Dans ce contexte, c’est la région Poitou-Charentes, présidée par Ségolène Royal, qui est allée le plus loin en prenant une participation de cinq millions d’euros dans le capital d’Heuliez, un sous-traitant de l’automobile. S’il s’agit d’un cas exceptionnel – pour le moment –, il n’en est pas moins symptomatique des liens entre les institutions régionales et départementales et les entreprises privées. L’industrie automobile constitue un bon exemple : la Lorraine, qui a longtemps soutenu l’usine Smart, vient de lui apporter 900 000 euros et la région Haute-Normandie avance 12 millions d’euros à l’usine de Cléon. Pourtant, cette politique n’est pas nouvelle. La crise économique n’a fait qu’amplifier une dynamique qui existait auparavant et qui ne se cantonne pas à l’industrie automobile. En effet, les politiques de décentralisation ont créé une dynamique centrifuge. Au cours des décennies précédentes, l’État assurait une partie de l’organisation de l’économie dans la perspective d’un développement territorial. La mise en place des politiques néolibérales a détruit ce modèle en déléguant certaines responsabilités aux régions, contraintes aujourd’hui de faire la promotion de leurs atouts et de vanter les qualités de leur territoire. Les conseils régionaux ont mis en place des politiques spécifiques à destination des entreprises, qu’il s’agisse de développer les structures existantes ou bien d’en implanter de nouvelles. Les patrons gagnent à tous les coups : non seulement, ils se font grassement subventionner, mais en plus, face aux enjeux, ils obtiennent souvent le gel des salaires, sans compter la fin de la taxe professionnelle.

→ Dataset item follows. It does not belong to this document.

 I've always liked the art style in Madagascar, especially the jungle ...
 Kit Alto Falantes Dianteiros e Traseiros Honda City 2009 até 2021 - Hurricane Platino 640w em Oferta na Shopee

Pour les salariés, cette situation ressemble à la double peine : leur salaire stagne, quand ils ne perdent pas tout simplement leur emploi, et en plus ce sont eux qui financent ces subventions par le biais de leurs impôts locaux. Surtout, ce système a un effet pervers : il conduit les élus départementaux et régionaux à tout faire pour calmer le jeu au moindre conflit, par peur de voir l’entreprise plier bagage. Loin de permettre d’organiser les luttes et d’être un point d’appui, ils se conduisent le plus souvent en auxiliaires du patronat local, en conseillant systématiquement aux syndicats et aux salariés la retenue dans les grèves et les revendications.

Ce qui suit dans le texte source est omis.